Dirck was the younger brother (perhaps by as much as ten years) and pupil of Frans Hals, who had emigrated north from his native Antwerp with his parents at least by 1591, the year that saw Dirck's birth in Haarlem. He became best known for the genre of 'merry companies', which was first introduced to the Haarlem painters by the Rotterdam artist Willem Buytewech, who lived in Haarlem between 1612 and 1617. Dirck assimilated a style that drew both on Buytewech and his brother.

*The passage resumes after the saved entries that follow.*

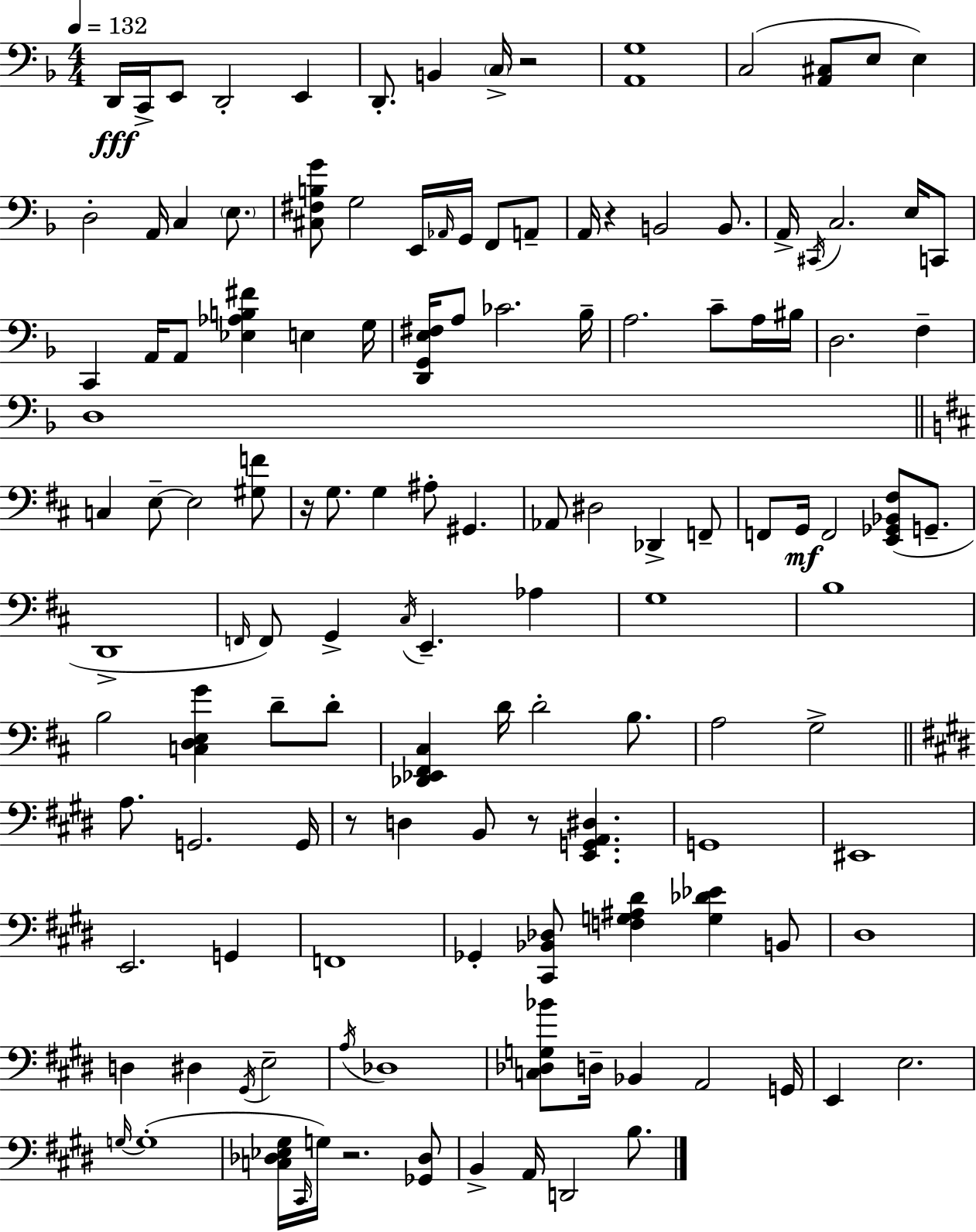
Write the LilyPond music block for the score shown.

{
  \clef bass
  \numericTimeSignature
  \time 4/4
  \key d \minor
  \tempo 4 = 132
  d,16\fff c,16-> e,8 d,2-. e,4 | d,8.-. b,4 \parenthesize c16-> r2 | <a, g>1 | c2( <a, cis>8 e8 e4) | \break d2-. a,16 c4 \parenthesize e8. | <cis fis b g'>8 g2 e,16 \grace { aes,16 } g,16 f,8 a,8-- | a,16 r4 b,2 b,8. | a,16-> \acciaccatura { cis,16 } c2. e16 | \break c,8 c,4 a,16 a,8 <ees aes b fis'>4 e4 | g16 <d, g, e fis>16 a8 ces'2. | bes16-- a2. c'8-- | a16 bis16 d2. f4-- | \break d1 | \bar "||" \break \key d \major c4 e8--~~ e2 <gis f'>8 | r16 g8. g4 ais8-. gis,4. | aes,8 dis2 des,4-> f,8-- | f,8 g,16\mf f,2 <e, ges, bes, fis>8( g,8.-- | \break d,1-> | \grace { f,16 }) f,8 g,4-> \acciaccatura { cis16 } e,4.-- aes4 | g1 | b1 | \break b2 <c d e g'>4 d'8-- | d'8-. <des, ees, fis, cis>4 d'16 d'2-. b8. | a2 g2-> | \bar "||" \break \key e \major a8. g,2. g,16 | r8 d4 b,8 r8 <e, g, a, dis>4. | g,1 | eis,1 | \break e,2. g,4 | f,1 | ges,4-. <cis, bes, des>8 <f g ais dis'>4 <g des' ees'>4 b,8 | dis1 | \break d4 dis4 \acciaccatura { gis,16 } e2-- | \acciaccatura { a16 } des1 | <c des g bes'>8 d16-- bes,4 a,2 | g,16 e,4 e2. | \break \grace { g16~ }~ g1-.( | <c des ees gis>16 \grace { cis,16 }) g16 r2. | <ges, des>8 b,4-> a,16 d,2 | b8. \bar "|."
}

The present lot is one of Hals’ two earliest known interiors; the other is in the Hermitage, St. Petersburg (inv. no. 2814), and is also dated 1623. The works from this period show Hals was strongly influenced by Willem Buytewech, even to the point of including figures in his paintings that derive directly from Buytewech’s work. In this case, Hals has borrowed both the lady that is seated behind the table and the gentleman behind, resting his elbow on the ledge from Buytewech’s drawing Merry company on a terrace in the Boymans Museum, Rotterdam (inv. no. H 165)
Whilst the depiction of merry companies had been popular since the beginning of the 17th century, they were normally set in elegant gardens or outdoor terraces. Hals’ innovative approach to the subject moved the figures indoors in the early 1620s, resulting in a more intimate and relaxed atmosphere.